TASK REQUIREMENTS
Would you please repeat, word for word, only the lines from the one holding "Used 2022 Volkswagen Taos SEL image 23" through the one holding "Halston Heritage Grey" in the material below, without the pictures?
RECORDS START
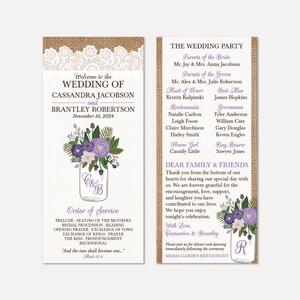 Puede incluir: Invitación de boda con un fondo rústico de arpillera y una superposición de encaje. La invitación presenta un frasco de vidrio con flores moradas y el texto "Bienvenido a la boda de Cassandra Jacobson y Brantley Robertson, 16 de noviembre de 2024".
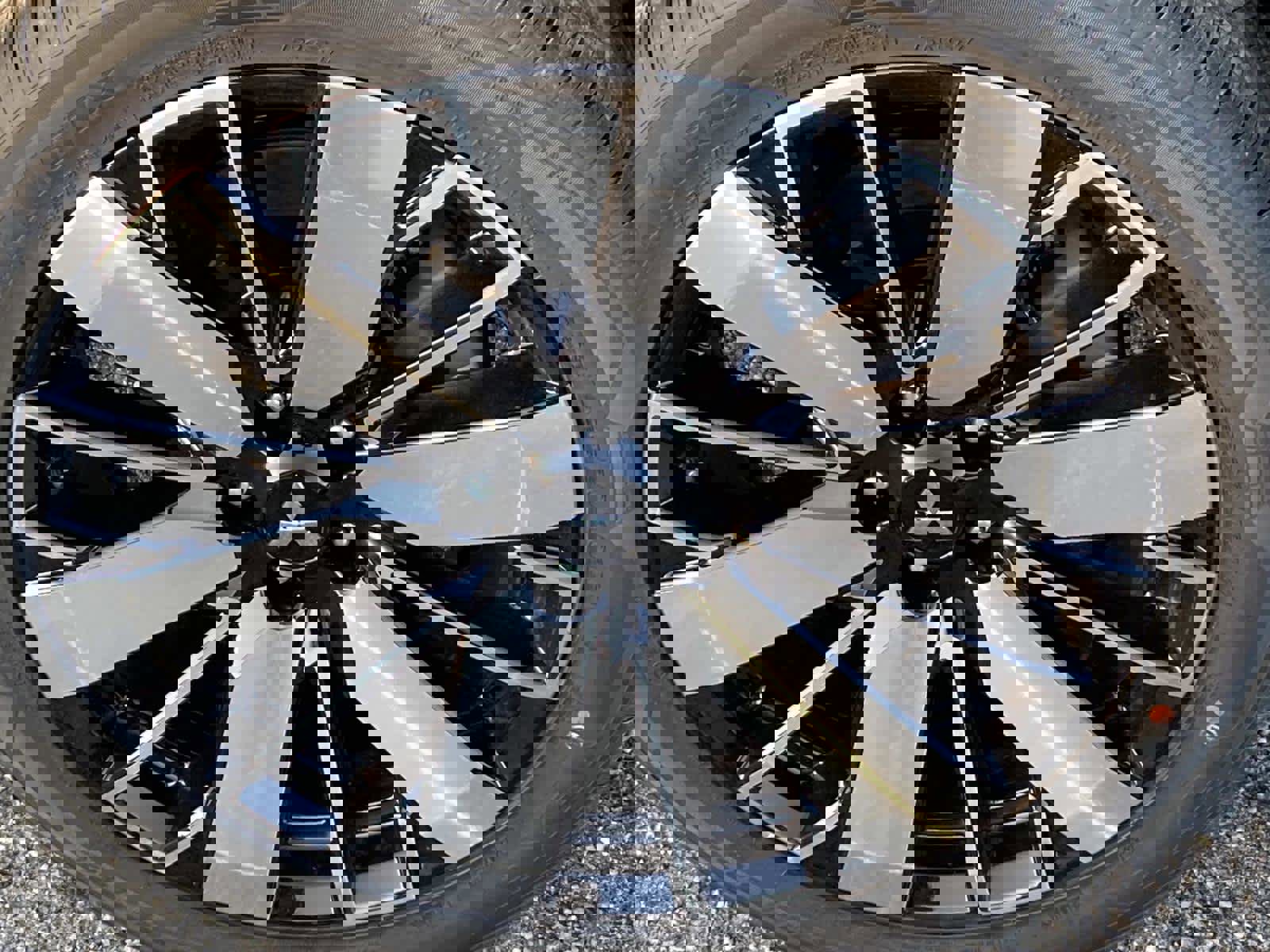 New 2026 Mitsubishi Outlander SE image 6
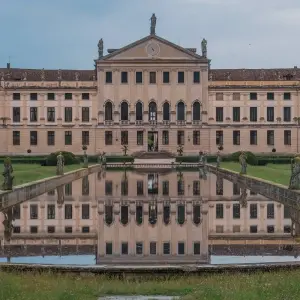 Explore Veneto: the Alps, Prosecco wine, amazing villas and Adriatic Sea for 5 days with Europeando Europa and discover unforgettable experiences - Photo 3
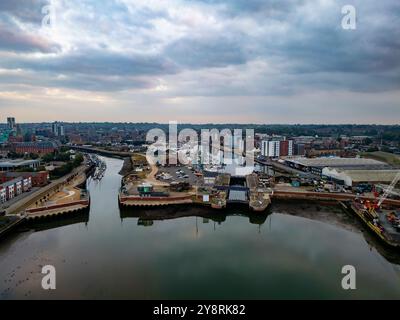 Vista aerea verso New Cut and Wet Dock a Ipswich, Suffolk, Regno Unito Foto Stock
RECORDS END
RECORDS START
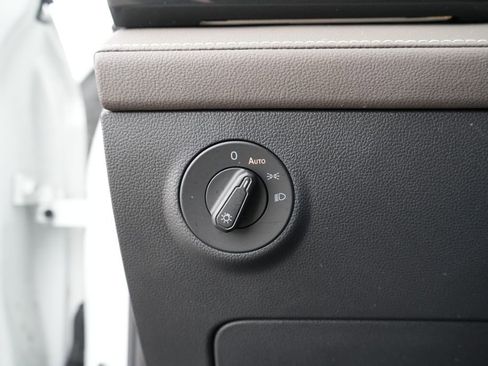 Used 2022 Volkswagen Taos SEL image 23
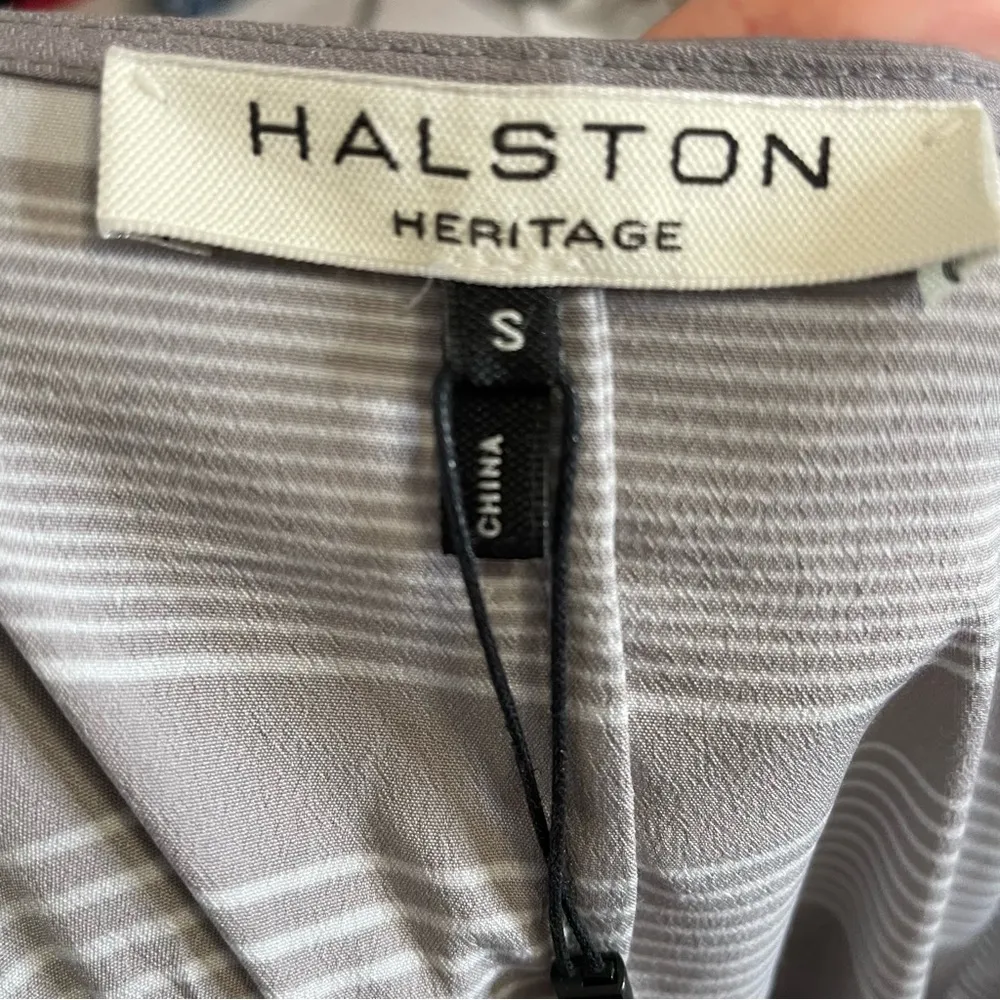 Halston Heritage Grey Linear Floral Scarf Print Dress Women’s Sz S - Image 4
RECORDS END
TASK OUTPUT
 Used 2022 Volkswagen Taos SEL image 23
 Halston Heritage Grey Linear Floral Scarf Print Dress Women’s Sz S - Image 4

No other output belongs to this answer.